Brief:
Retype only what runs from the first line of the records to the line with "辽宁男篮热身赛末节崩盘复盘 张镇麟持球攻坚短板亟待补强", inclusive, and no pictures.

Records for the exercise:
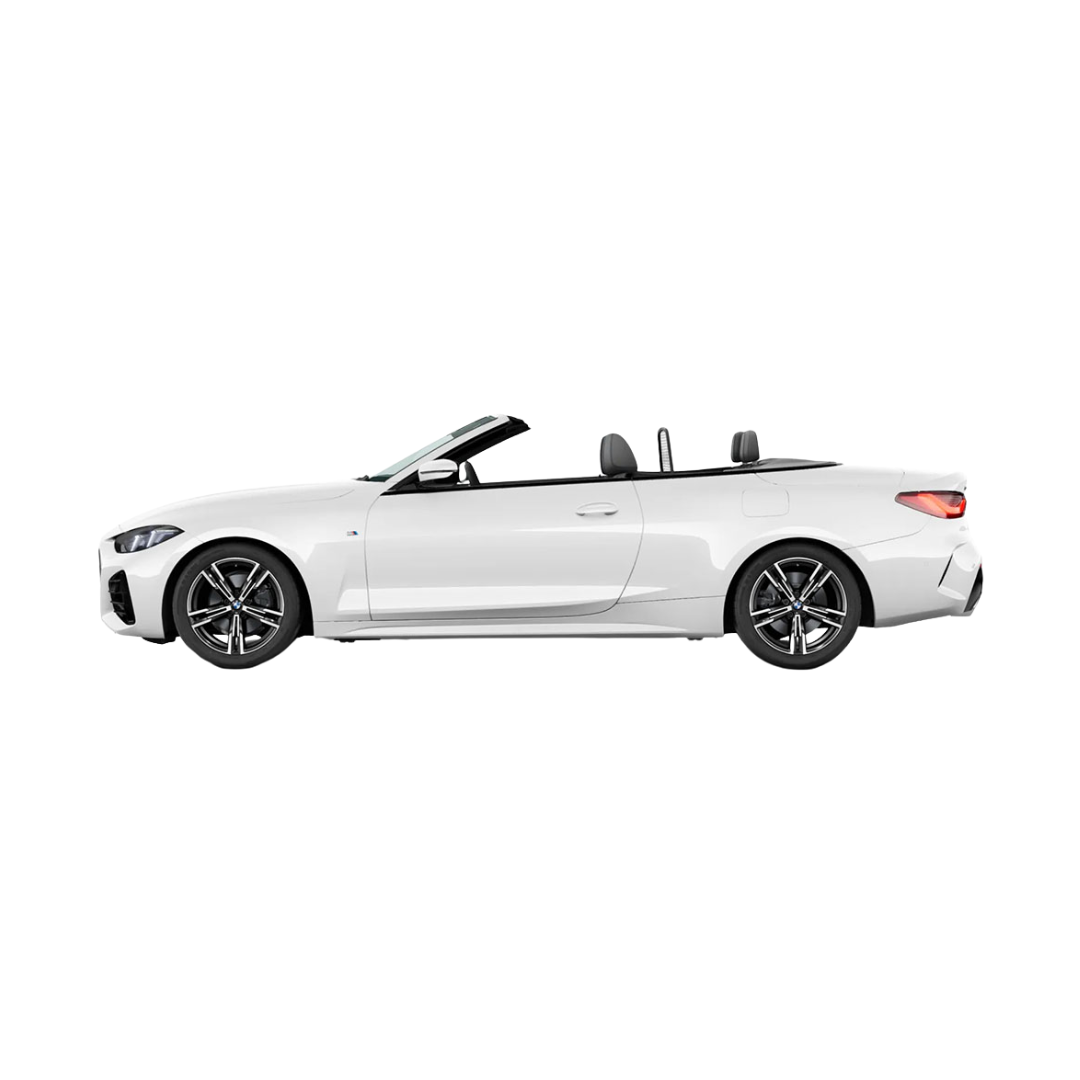Convertible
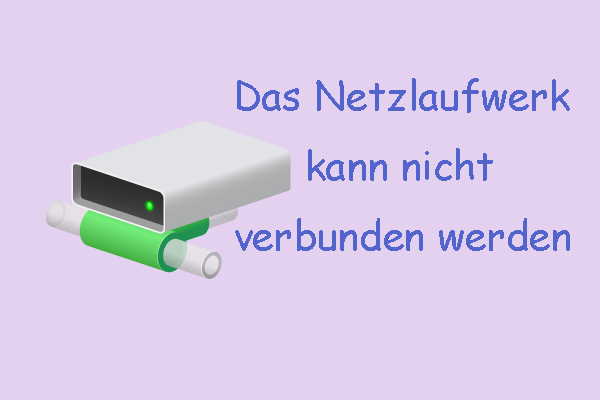 Gardazon Baumbewässerungssack 85L – PE, Nicht PVC, Mit Verbindungsmöglichkeit, Langsame Tropfbewässerung, UV-stabil, Für Stamm-Ø 5–18 Cm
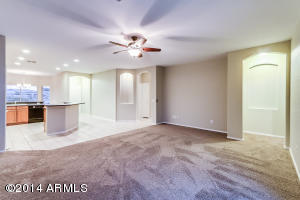 3788 E Thunderheart Trl, Gilbert, AZ 85297 photo 12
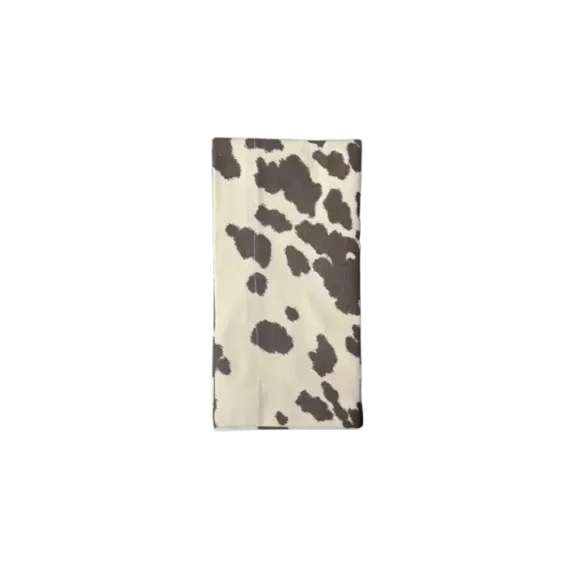 Beau Napkin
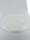 Isolant pot de foyer (fx25..45-megalithe Elm Leblanc / Bosch F20.00578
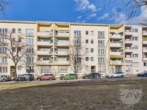 Gebäude2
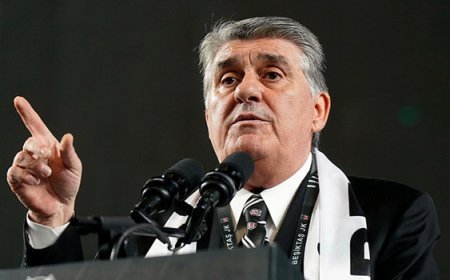 Serdal Adalı'dan Galatasaray derbisi öncesi Ozan Ergün açıklaması: 'Büyük maç tecrübesi yok!'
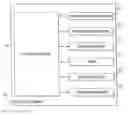 Fig. 01 - Display apparatus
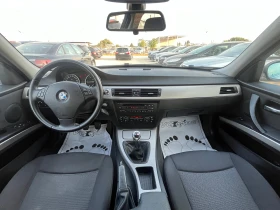 BMW 320 320d-163k.c.ЛИЗИНГ - 8500 лв. - 31213092 9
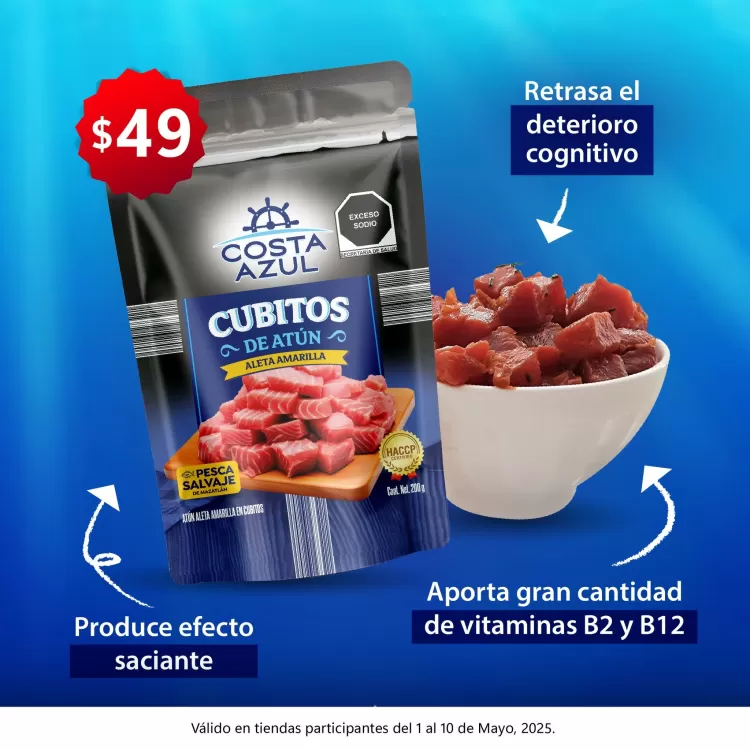 Catálogo Tiendas Tres B (válido hasta 3-05)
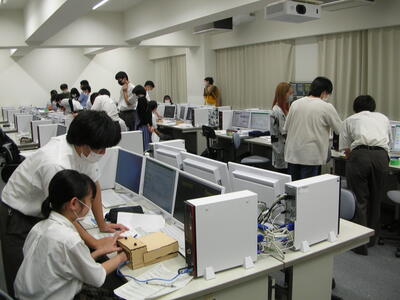 DSCN0166.JPG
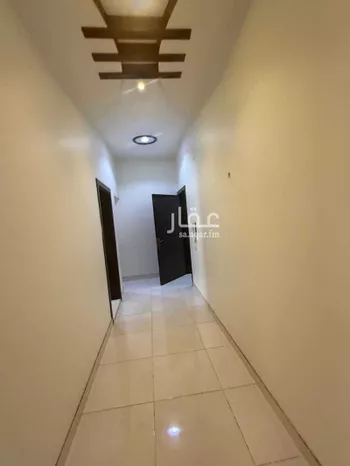 شقة للإيجار في شارع إبراهيم البهنسي, حي اللؤلؤ, مدينة جدة, منطقة مكة المكرمة صورة 4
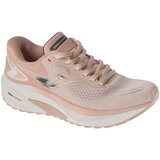 Joma Tek & Trail Speed Lady 26 RSPELS Rožnata Cene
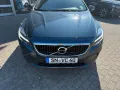 Volvo V40 Cross Country 1.5 Plus -Cam-Pano-Sitzh PANO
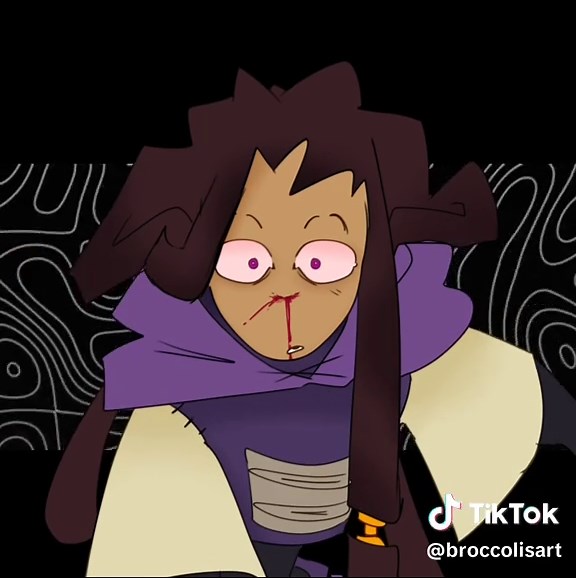 Exploring FREAKS in Gachiakuta Manga & Anime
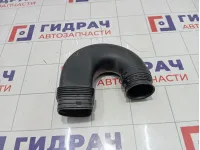 Патрубок воздушного фильтра Volkswagen Passat CC 1K0129618AN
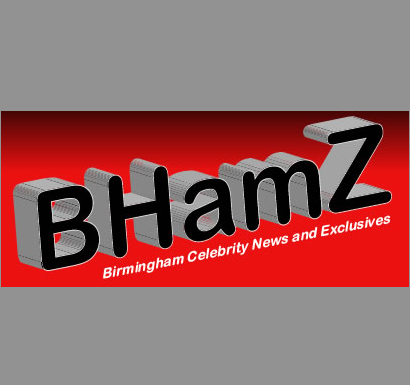 http://t.co/wOHJgjN3qo is a goof or a spoof featuring photo-ops typically in & around popular Bham businesses.    Laugh, enjoy, promote! - @JacoTremendez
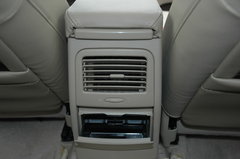 2007款 1.8 手动 标准型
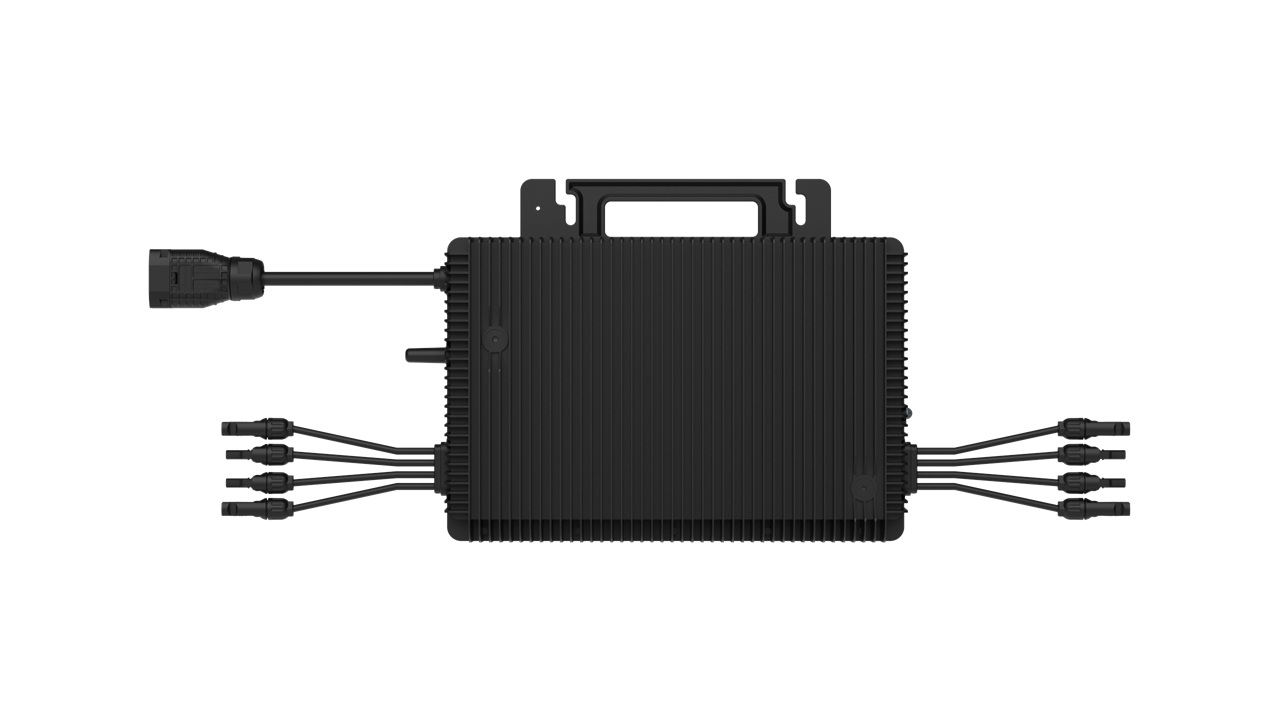 Hoymiles MIT-5000-8T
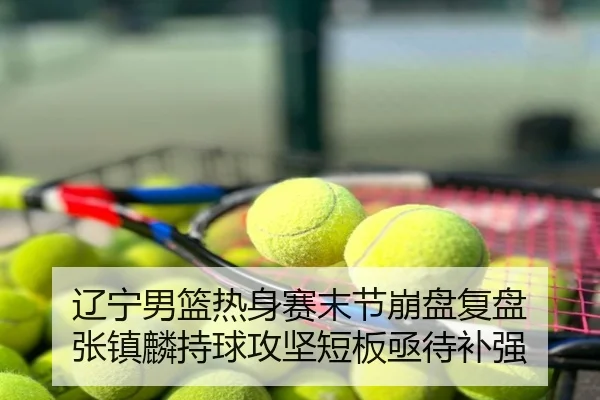 辽宁男篮热身赛末节崩盘复盘 张镇麟持球攻坚短板亟待补强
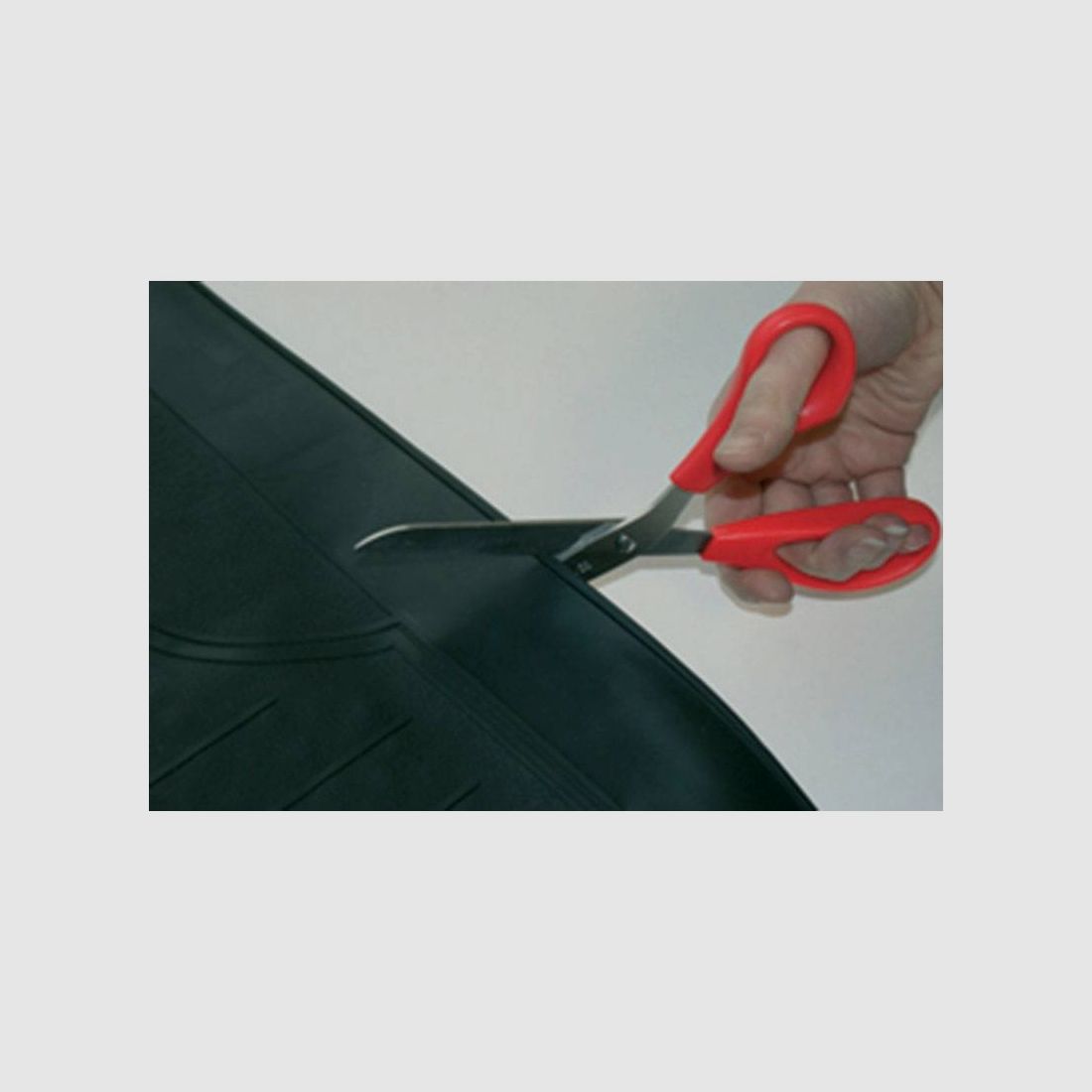 Housse de protection pour Jeep, image 2 sur 3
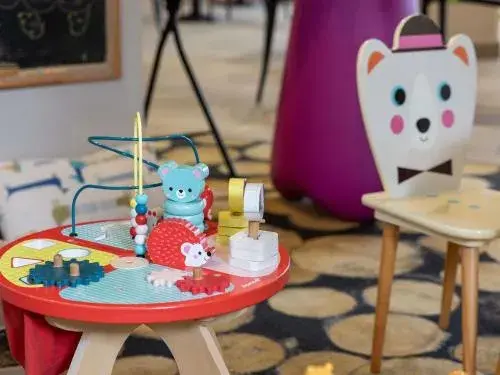 ibis styles Dax Centre ibis styles Dax Centre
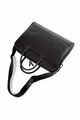 BERNARDE BRIEFCASE  hi-res | Samsonite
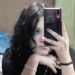 ellycirilo_88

Task answer:
Convertible
 Gardazon Baumbewässerungssack 85L – PE, Nicht PVC, Mit Verbindungsmöglichkeit, Langsame Tropfbewässerung, UV-stabil, Für Stamm-Ø 5–18 Cm
 3788 E Thunderheart Trl, Gilbert, AZ 85297 photo 12
 Beau Napkin
 Isolant pot de foyer (fx25..45-megalithe Elm Leblanc / Bosch F20.00578
 Gebäude2
 Serdal Adalı'dan Galatasaray derbisi öncesi Ozan Ergün açıklaması: 'Büyük maç tecrübesi yok!'
 Fig. 01 - Display apparatus
 BMW 320 320d-163k.c.ЛИЗИНГ - 8500 лв. - 31213092 9
 Catálogo Tiendas Tres B (válido hasta 3-05)
 DSCN0166.JPG
 شقة للإيجار في شارع إبراهيم البهنسي, حي اللؤلؤ, مدينة جدة, منطقة مكة المكرمة صورة 4
 Joma Tek & Trail Speed Lady 26 RSPELS Rožnata Cene
 Volvo V40 Cross Country 1.5 Plus -Cam-Pano-Sitzh PANO
 Exploring FREAKS in Gachiakuta Manga & Anime
 Патрубок воздушного фильтра Volkswagen Passat CC 1K0129618AN
 http://t.co/wOHJgjN3qo is a goof or a spoof featuring photo-ops typically in & around popular Bham businesses.    Laugh, enjoy, promote! - @JacoTremendez
 2007款 1.8 手动 标准型
 Hoymiles MIT-5000-8T
 辽宁男篮热身赛末节崩盘复盘 张镇麟持球攻坚短板亟待补强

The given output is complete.